Johnny Mok Shiu-luen SC, counsel for the department, made the admission in his final submissions to the commission of inquiry into the National Day maritime collision off Lamma Island.
It came after repeated questioning from the commission chairman, Mr Justice Michael Lunn, as to why the department's officers had not picked up on the missing door.
"This was, I think, a combination of perhaps inadequate information and the lack of alertness to this particular issue," Mok said. There was also a lack of communication among officers when it came to clarifying conflicting ship plans, he said.
Earlier in the day, counsel for the commission Paul Shieh Wing-tai SC said the department ought to have spotted there was a missing watertight door - a departure from the ship's plans - and rejected the licence.
"[The department] missed a golden opportunity. All these safety considerations have all been missed … Perhaps at great cost," he said.
Shieh also said the crews of both the Lamma IV and Sea Smooth lacked a proper lookout. He suggested there could have been a "reckless gambling" of "who blinked first" - that is, staying in the path of an oncoming ship for too long, to see who will turn away first.
But Clive Grossman SC, for Hongkong Electric, said it was unfair to give the public the impression that the crew of the Lamma IV was as equally in the wrong as the Sea Smooth crew.
He said the Lamma IV crew had acted with commendable bravery after the collision and emphasised that the traumatised survivors found it hard to precisely remember the ordeal.
Grossman also slammed the crew of Sea Smooth for running away from the scene after the collision.
He called it "curious" and "unbelievable" that no crew member of Sea Smooth had seen that the Lamma IV was in trouble.
"If Sea Smooth had done its duty and stopped to help rescue passengers who were in distress ... the overwhelming probability is that the death toll would have been, or should have been, very much less," he said.

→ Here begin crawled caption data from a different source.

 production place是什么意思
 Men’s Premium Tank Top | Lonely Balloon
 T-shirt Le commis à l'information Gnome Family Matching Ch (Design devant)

Lai Sai-ming, Sea Smooth's coxswain, and three other crew members, said they had nothing to add to the inquiry.
Richard Zimmern, for Hong Kong and Kowloon Ferry, operator of the Sea Smooth, rebutted the point made by Grossman, saying there was no evidence that, by leaving the scene, the Sea Smooth had caused any deaths.
He said most of the deaths were caused by drowning or being trapped on the Lamma IV.
Zimmern urged the commission to find that the most likely cause of the crash was the failure of both vessels' lookout.
The hearing into the National Day maritime disaster, which caused 39 deaths, continues today when counsel for Cheoy Lee Shipyards, which built the Lamma IV, will make his final submission.
The commission is expected to finish its report next month.